Jacinda Ardern on RNZ Concert changes: 'We don't have to lose one for the other'

9:05 am on 10 February 2020

Prime Minister Jacinda Ardern is "frustrated" that RNZ pushed ahead with announcing proposed changes to its Concert radio station.

Prime MInister Jacinda Ardern at Parliament 21 May 2019.

Prime Minister Jacinda Ardern. Photo: RNZ / Dom Thomas

RNZ is planning to take the classical music station off the FM frequency and replace it with a new station aimed at reaching a wider, younger audience.

Jacinda Ardern told Morning Report the government had asked for time to find an alternative.

"I feel very strongly about this. When I came in as Minister for Arts, Culture and Heritage, one of the priorities I had was access - that we need to broaden the access of all New Zealander to the arts," she said.

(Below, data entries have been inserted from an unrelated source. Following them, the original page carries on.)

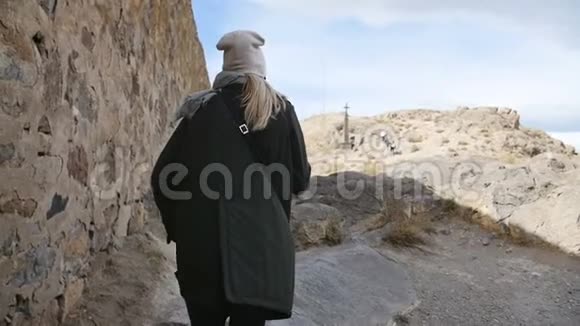 一位身穿绿色皮夹克的年轻女游客走在一座古老修道院的堡垒墙边视频的预览图
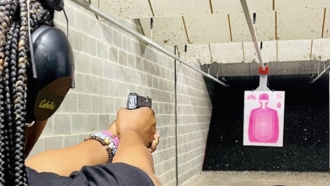 Woman in a Chicks With Triggers shooting range.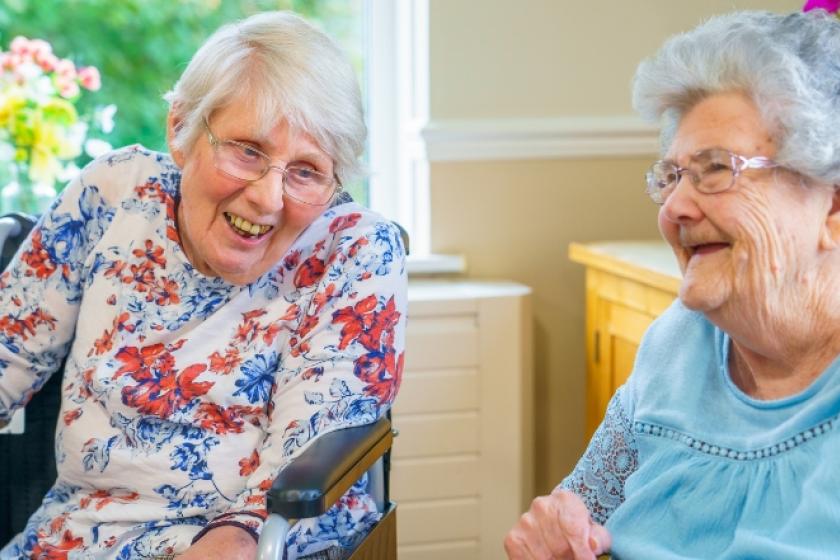 Residents sat down and laughing together at Blackwood Care Home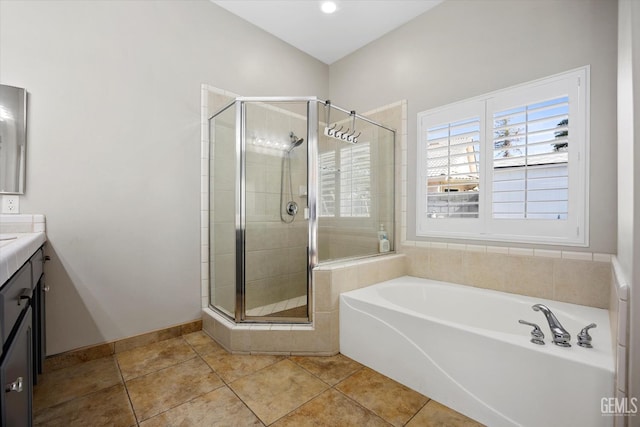 4504 Polo Club Dr, Bakersfield, CA 93312 - bathroom with vanity, a garden tub, a stall shower, and tile patterned floors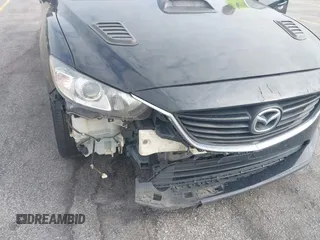 2015 Mazda 6 i Touring with VIN JM1GJ1V50F1194196, listed as a IAAI auction lot 42053615 with 173,724 mi miles. Bid and sale history available at carsss.com. Image 6.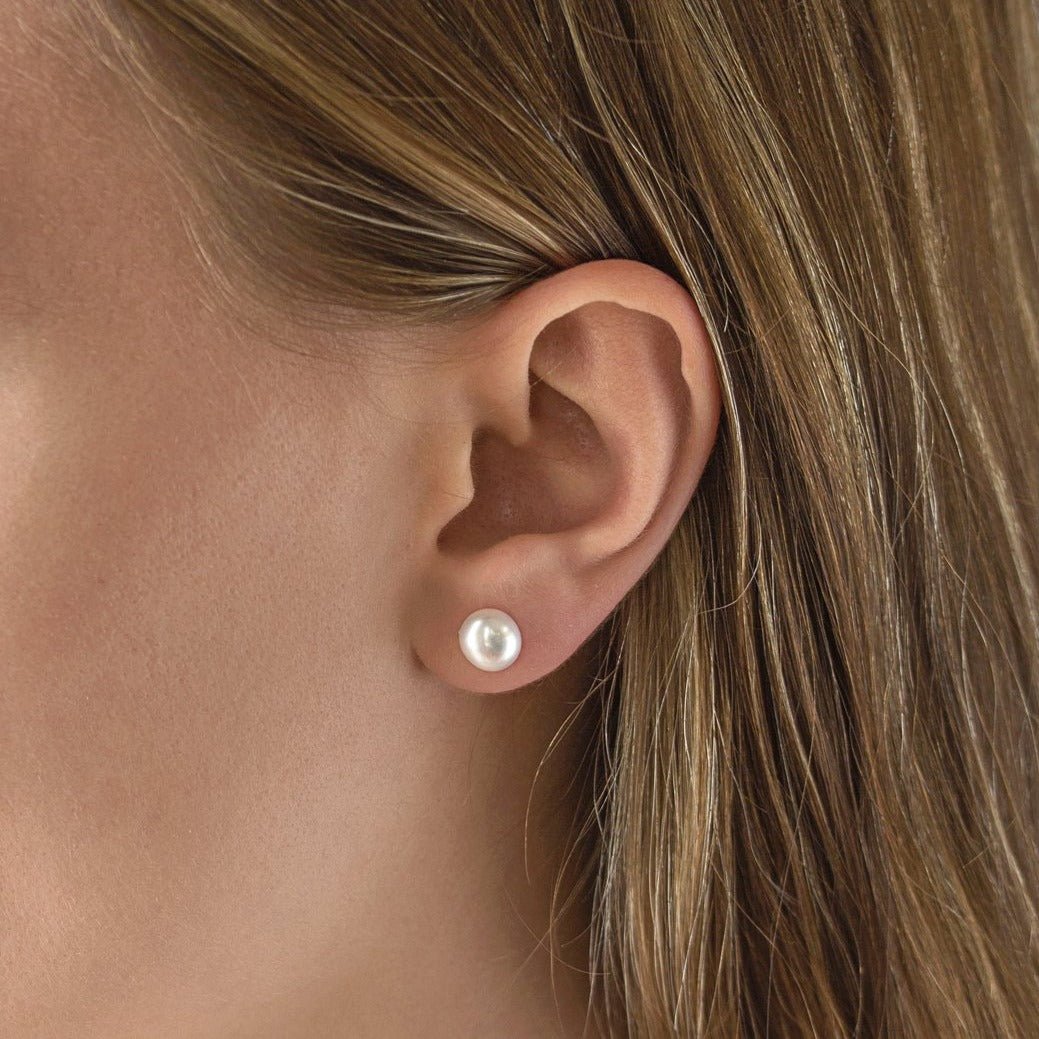 Sterling silver pearl stud earring with a round white pearl, shown on a model's lobe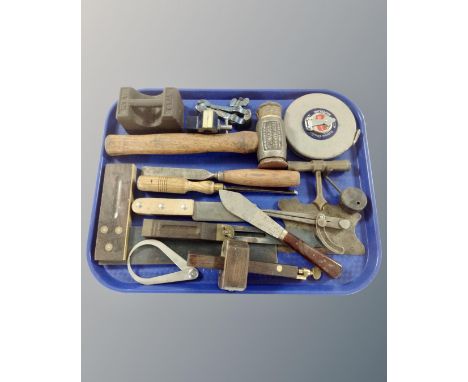 A tray of vintage hand tools including Thor Hammer company hammer, miniature vice, chisel, draftsman's tools, Rabone tape mea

"I understand that RNZ has obligations to all New Zealanders, and it is their view that they are not catering for one sector. But it is my view as arts minister that one does not need to come at the cost of another.

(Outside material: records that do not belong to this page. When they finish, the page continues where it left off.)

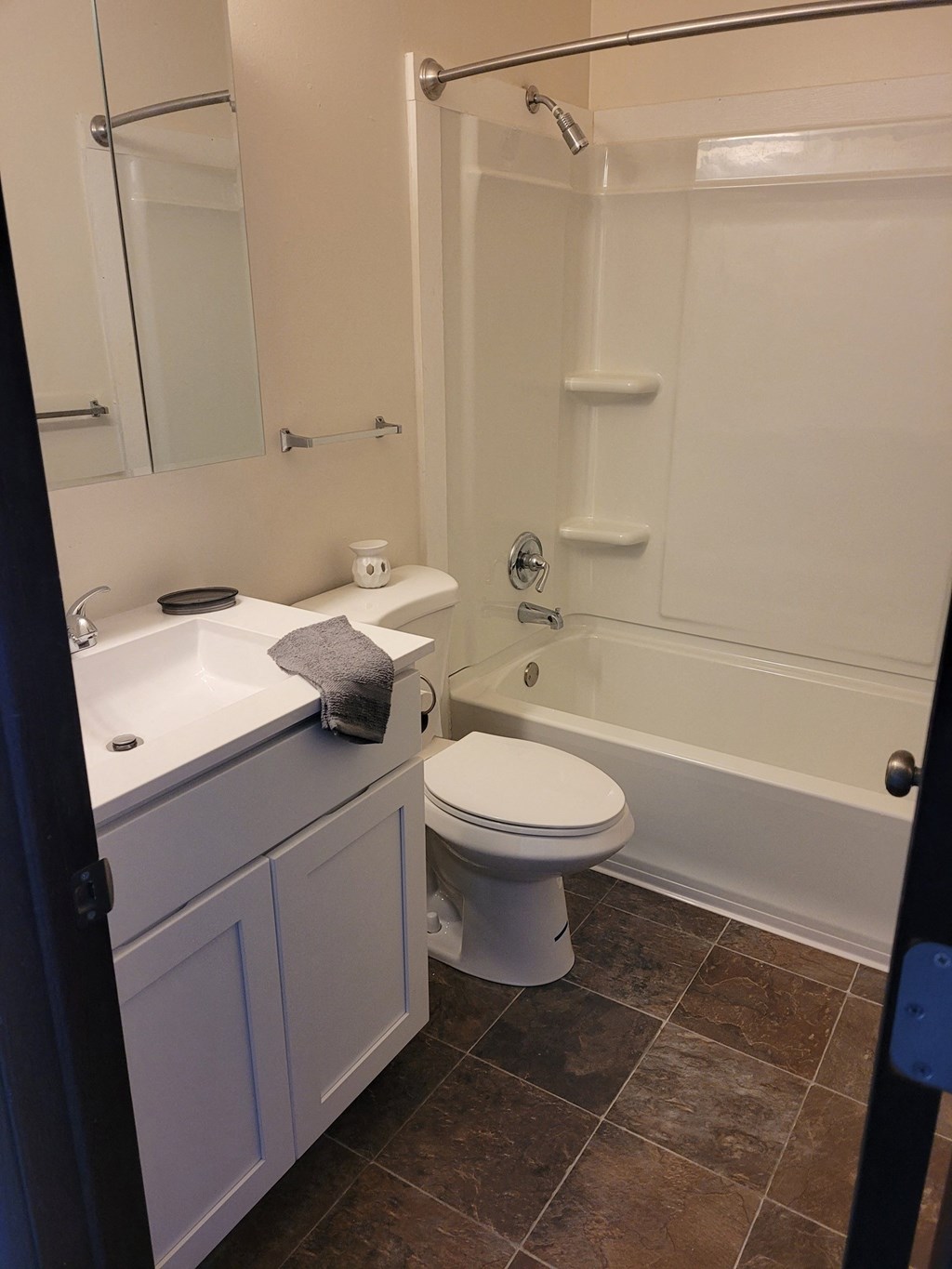 a bathroom with a bathtub toilet sink and mirror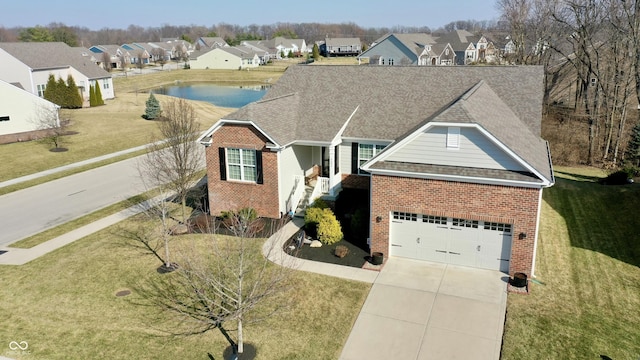 view of front facade featuring brick siding, a residential view, driveway, and roof with shingles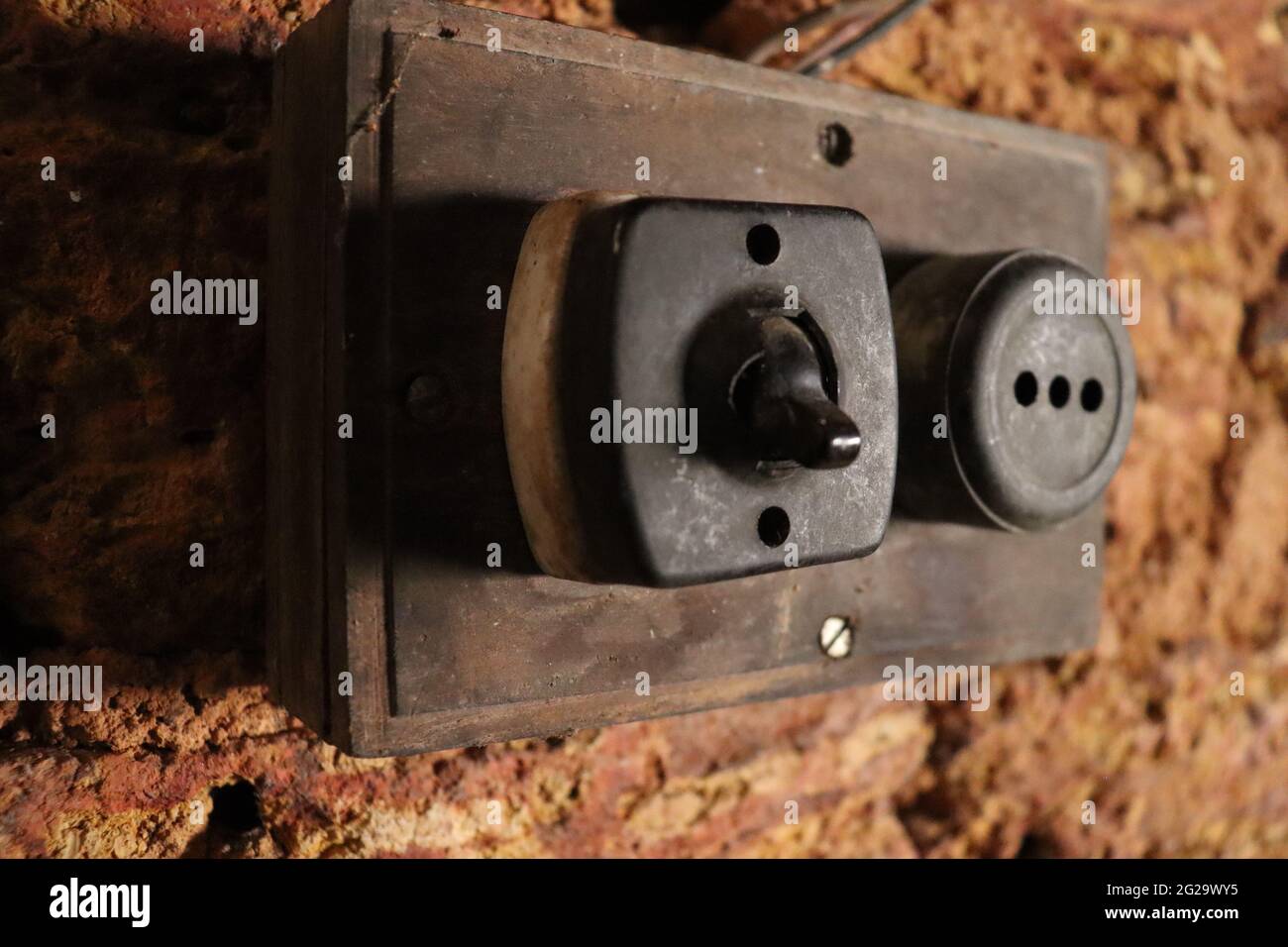Old Vintage Light Switch And Electric Plug Socket. Antique style flush panel mounting switch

"My frustration here is that I see this beyond a programming decision and into a structural decision."

She said when Broadcasting Minister Kris Faafoi was briefed - very recently - on some of the proposed changes, he expressed concern and one of his clear concerns was over the loss of FM frequency for Concert.

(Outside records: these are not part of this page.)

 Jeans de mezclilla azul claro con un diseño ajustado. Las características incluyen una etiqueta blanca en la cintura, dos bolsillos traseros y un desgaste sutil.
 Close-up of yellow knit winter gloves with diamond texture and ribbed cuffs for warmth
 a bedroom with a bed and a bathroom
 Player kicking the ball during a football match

"He explicitly asked for time so that we could see if whether or not there was something we could do to prevent the loss of the FM frequency for Concert. RNZ went ahead and announced this regardless."

Broadening access, increasing what young people can hear should not come at the cost of what others hear, she said.

Cabinet will discuss the move today.

"We tried to and asked for some time to explore and investigate how we could make sure that this wasn't an outcome that RNZ subsequently announced anyway.

"I'm pretty frustrated by that situation. It's unacceptable."

An additional $10 million has gone into Radio New Zealand under this government, Ardern said.

"So, we of course support public broadcasting."

She said the government supported RNZ's obligations to reach a wider audience and also accepted that that wasn't necessarily the case currently.

"We are going to keep going with our plans to see if there are alternatives.

"This is not cutting one generation after another or one audience after another. We don't have to lose one for the other."

More than 10,000 people have signed a petition calling on RNZ to ditch plans to gut its music station Concert.

In the biggest overhaul of its music services in years, RNZ is proposing to remove Concert from its FM frequencies and transform it into an automated nonstop music station which will stream online and play on AM radio.

It would be replaced on FM by a service aimed at a younger, more diverse audience as part of a new multimedia "music brand".

Concert would be taken off FM radio on 29 May and the youth platform would be phased in ahead of its full launch on 28 August.

The move would eliminate 17 jobs at RNZ Music, including all Concert presenter roles, from late March.

Former Prime Minister Helen Clark also added to the chorus of concern on Twitter.

She said the marginalisation of RNZ Concert equated to a dumbing down of cultural life in New Zealand.